Why is statistical properties of mode and median are difficult to determine? I have read a book saying that statistical properties of the mode and the median are difficult to determine compared to the mean. I am not entirely sure why is so. And the book does not provide further explanation.
Is it correct that because the mean can be put into mathematical functions more easily compared to the mode and median? What does it mean by statistical properties? What does it mean by determining statistical properties? 
If anyone could provide more explanations or examples of some sort. Thanks for all the help!  
 A: Generally by statistical properties we mean whether a sample can give us "reasonable" ideas about the population. Mean is more suited for this purpose (just as you mention) mainly because mean has a nice mathematical expression.
A sample mean is an unbiased estimator of the population mean.
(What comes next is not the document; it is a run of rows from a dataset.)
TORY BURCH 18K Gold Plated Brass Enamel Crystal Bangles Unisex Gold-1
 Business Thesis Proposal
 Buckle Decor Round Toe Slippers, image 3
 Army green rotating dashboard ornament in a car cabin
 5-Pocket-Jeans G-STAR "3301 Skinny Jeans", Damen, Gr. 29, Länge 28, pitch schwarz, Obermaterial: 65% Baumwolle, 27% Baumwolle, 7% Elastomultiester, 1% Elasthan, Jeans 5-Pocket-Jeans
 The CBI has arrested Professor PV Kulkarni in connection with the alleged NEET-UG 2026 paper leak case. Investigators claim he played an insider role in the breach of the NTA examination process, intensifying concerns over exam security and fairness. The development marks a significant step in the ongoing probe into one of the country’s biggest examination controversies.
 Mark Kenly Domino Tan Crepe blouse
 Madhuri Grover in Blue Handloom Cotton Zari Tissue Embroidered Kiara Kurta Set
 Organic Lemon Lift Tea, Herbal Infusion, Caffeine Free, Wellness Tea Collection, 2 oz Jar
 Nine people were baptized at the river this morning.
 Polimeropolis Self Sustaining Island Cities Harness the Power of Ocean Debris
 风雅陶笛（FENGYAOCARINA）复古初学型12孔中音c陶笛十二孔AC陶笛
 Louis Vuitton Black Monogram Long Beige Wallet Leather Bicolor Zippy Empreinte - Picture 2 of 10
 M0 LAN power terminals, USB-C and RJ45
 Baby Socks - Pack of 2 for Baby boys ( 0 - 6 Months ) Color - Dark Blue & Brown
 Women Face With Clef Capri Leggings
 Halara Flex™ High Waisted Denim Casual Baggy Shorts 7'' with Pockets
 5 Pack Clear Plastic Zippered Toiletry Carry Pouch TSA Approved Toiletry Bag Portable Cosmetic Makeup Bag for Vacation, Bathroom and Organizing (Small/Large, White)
Also, one of the main reasons while mean is so important is the Central limit theorem.
However, I must mention that median has nice geometrical interpretation in the sense that it "divides the data set into equal parts"- the sum of absolute distance of the data points is minimum when taken about the median. However, median is generally much tougher to work with mathematically.
For me mode is just a convenient "fast summary" of the data set, and again it's not very suitable for mathematical treatments.
I haven't been entirely rigorous in my answer, and my opinion about mode is based on a matter of "taste"; though I am yet to see much applications of mode as a measure of central tendency, other than just an intuitive description of data. 
A: I think the simplest thing is that the mode and median especially don't tell you much of what you'd expect from a data set, and the mode especially is very difficult to determine in a useful manner for some data sets. In particular if you have a data set which consists of non-discrete but non-dense points, there is no determinable mode as there is no frequency for any data point besides 0 or 1. Median is much easier and can usually be determined fairly well in any data set, but doesn't tell you a huge amount about the overall layout of datasets. I could have a dataset where I have 49 points with 0, 2 with 1, and 49 with 16000, and a mean would give you something more useful than the median here as far as the overall value.
As far as how easy they are to put into mathematical functions, a mean is significantly easier. Given either a discrete, or continuous data set, it is the sum or integral respectively over the data set, divided by the size of that data set. Median is much more difficult for continuous sets. In the case of discrete sets you find where exactly half of the data is below and above the point. In a continuous set you have to solve where the integral equals one-half, then take f(x) at that point, which is much more difficult. Likewise for mode it's also very difficult. In a non-dense discrete data set (e.g. time to do something, where each time has so much precision that there is likely no more than one data point at each time) all values will either have a frequency of 1 or 0 (generally) or be so non-dense that a definition of mode would be trivial and tell you nothing about the data set. On a continuous set it involves finding the global maximum of the function which is arguably easier than the median above.
A: Under appropriate conditions, the mean depends continuously on the  distribution, but the median and mode don't.  For example, consider the Bernoulli distribution with parameter $p$.  The mean is $p$, but the median and mode jump discontinuously from $0$ to $1$ (and are not uniquely defined at $p=1/2$).